**Task statement**
When the line containing "علاج الناسور , تعريف الناسور وعلاجه" appears in the entries below, begin printing there and stop after the line containing "Porcelain Crowns - Cosmetic"; print each of those lines exactly and no other line.
===== Source information
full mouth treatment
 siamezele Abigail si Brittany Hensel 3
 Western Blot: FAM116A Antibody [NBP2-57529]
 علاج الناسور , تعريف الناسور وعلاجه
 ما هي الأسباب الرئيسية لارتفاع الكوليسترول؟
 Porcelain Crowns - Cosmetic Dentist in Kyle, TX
==========
===== Source information
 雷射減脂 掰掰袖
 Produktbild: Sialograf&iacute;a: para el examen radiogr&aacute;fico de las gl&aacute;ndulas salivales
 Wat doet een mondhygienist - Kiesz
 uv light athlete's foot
==========
===== Source information
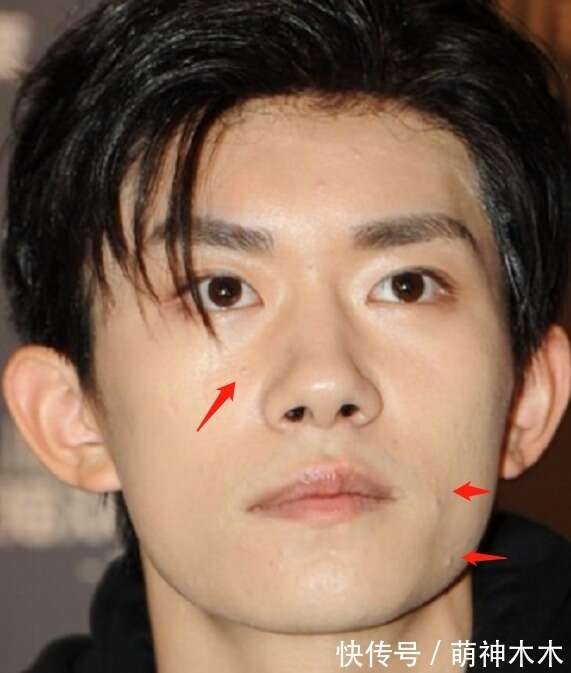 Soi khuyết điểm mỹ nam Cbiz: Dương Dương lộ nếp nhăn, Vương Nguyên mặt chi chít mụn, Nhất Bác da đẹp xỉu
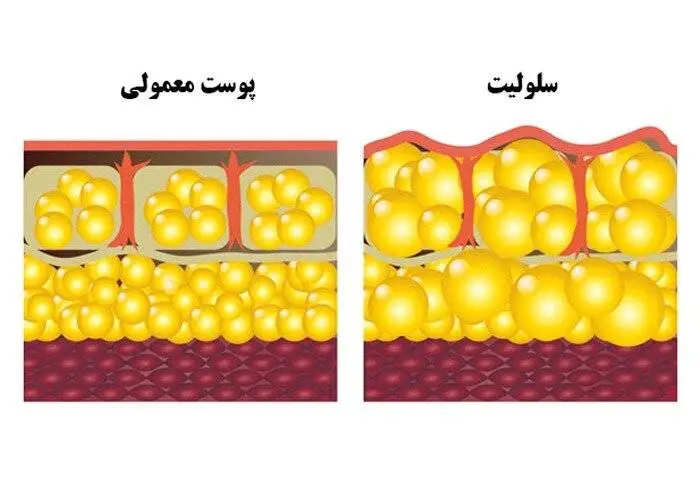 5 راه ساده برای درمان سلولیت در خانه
==========
**Exercise response**
 علاج الناسور , تعريف الناسور وعلاجه
 ما هي الأسباب الرئيسية لارتفاع الكوليسترول؟
 Porcelain Crowns - Cosmetic Dentist in Kyle, TX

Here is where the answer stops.